Because the added new notes are not related by any familiar intervals, there is no quartertone circle of 24 fifths, but two circles of 12 fifths each which never meet. This means novel methods of modulating to the new keys have to be invented. Ivan Vyshnegradsky in his 1933 Manual of Quartertone Harmony (original in French) showed some of these. Other composers have experimented, such as Charles Ives.

It follows logically enough from the above that mistuning of the quartertones is not going to have very serious consequences. Don't worry about it! Enjoy yourself. The tolerance for mistuning 12 is very very wide. Equally wide is the tolerance for 24.

Since the additional intervals furnished by inserting the quartertones are less consonant than those already available with 12-tone, this does not enlarge the harmonic resources to double what 12 gives. If harmony were the only consideration, then the contentions of those using such temperaments as 19, 22 and 31 tones per octave would stand: they have more harmonic resources than quartertones (24) and the idea of quartertones would be played down and considered more historical.
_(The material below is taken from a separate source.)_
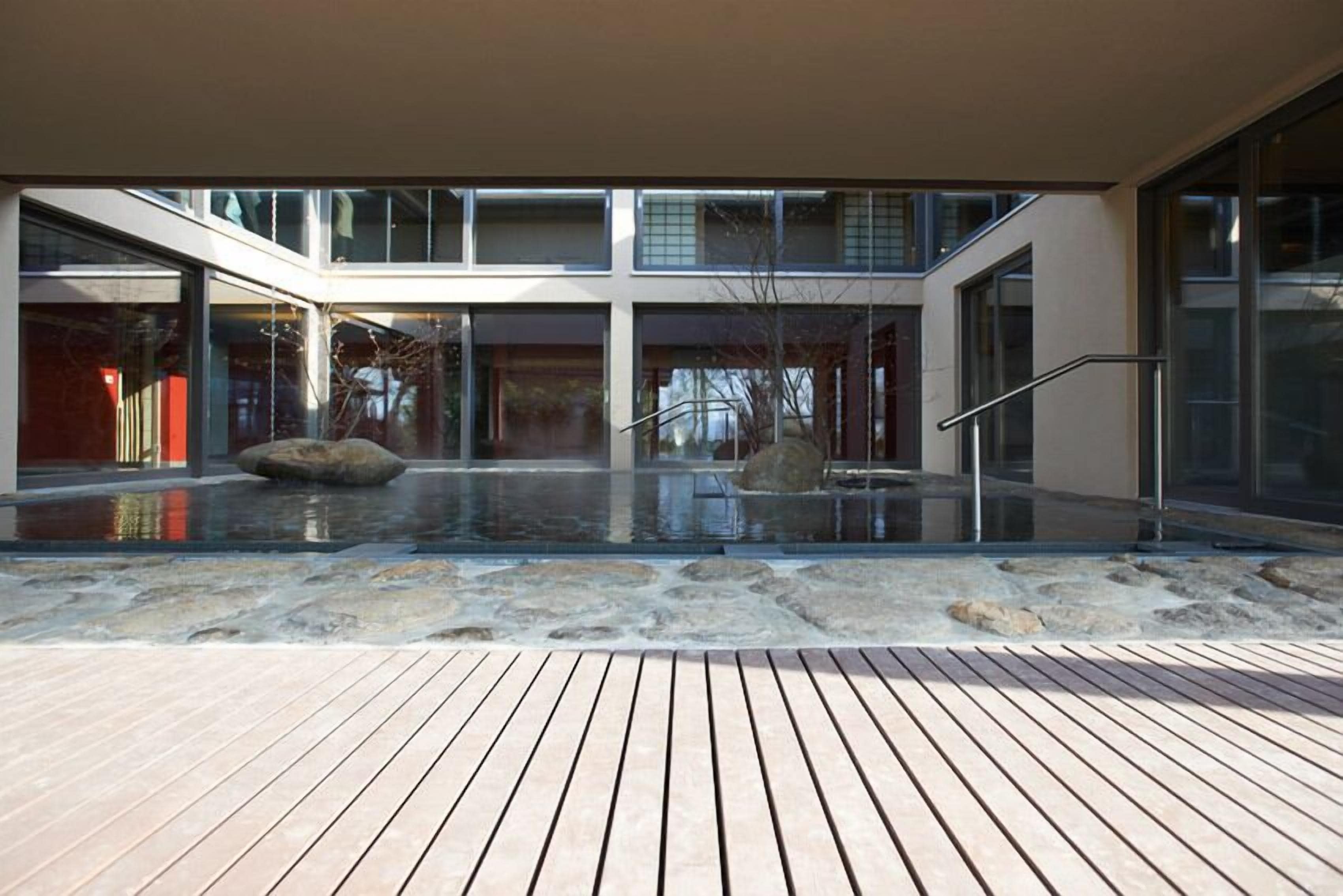 sauna, steam room, body treatments, aromatherapy, facials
However, the melodic resources of quartertones are very important and there is a tie-in with Ancient Greek because of what was called the Enharmonic Genus. There is, in particular, a tetrachord figure running downwards as the Greeks reckoned, major third or two whole-steps, quarter-step, say A F F semi-flat E or C A semi-flat A 3/4-flat G.

This was a very powerful mood-effect and it is a shame it has remained unheard and disused for some two millenia. This tetrachord pattern would be enough in and of itself to make quartertones worth the trouble. Many variations are possible in it. While we are about it, it works in 22-tone also, furnishing a possible pivot-point or means of transferring from either system to the other.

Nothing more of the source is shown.